いわゆる日本軍慰安婦の実態については近年、韓国でも客観的な研究が進んでいる。
例えば、古書店に埋もれていた朝鮮人慰安所経営者の日記(1次史料)からは、週末の映画観賞など日常生活の一端が読み取れる。

そうした中、日本政府に韓国人元慰安婦への損害賠償を初めて命じる判決を8日、ソウル中央地裁が下した。
国家は他国の裁判権に服さない「主権免除」という国際ルールに反した判決は、韓国内でも物議を醸しているという。

私が特に「おや」と思ったのは、判決文に「事実認定」と呼ばれる最も基礎的な部分が見当たらないことだ。
原告12人のハルモニ(おばあさん)がいつ、どこで、誰に、どのように慰安婦にされたのか。日本政府からどんな損害を被ったのか−である。

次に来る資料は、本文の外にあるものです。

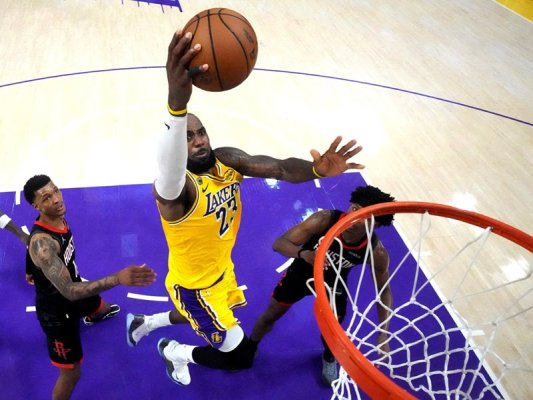 LeBron James, NBA'deki 24. Sezonu İçin Philadelphia'ya İmza Attı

裁判所は、判決全文ではなく、内容を要約した要旨を公表した。 その冒頭に、強いて言うなら事実認定に当たる部分を短く、原告側の請求内容として記している。
<原告らは日本帝国に誘拐や強制移動させられ、慰安所で暴力、拷問、性的暴行を受けた>

大雑把に過ぎる。 日本軍関係者を名乗る吉田清治氏(故人)による慰安婦狩り証言などが影響していると考えざるを得ない。
1980年代以降、日本の一部メディアが取り上げながら、事実無根であることが後に判明した証言だ。

もし細かい事実認定をしているのなら堂々と公表すればよい。日韓の歴史認識を巡っては、これまで多くの場合、ファクト(事実)は、ないがしろにされてきた。

判決後には、不可解なことが起きた。5日後に予定された同趣旨の訴訟の判決言い渡しが突然、延期された。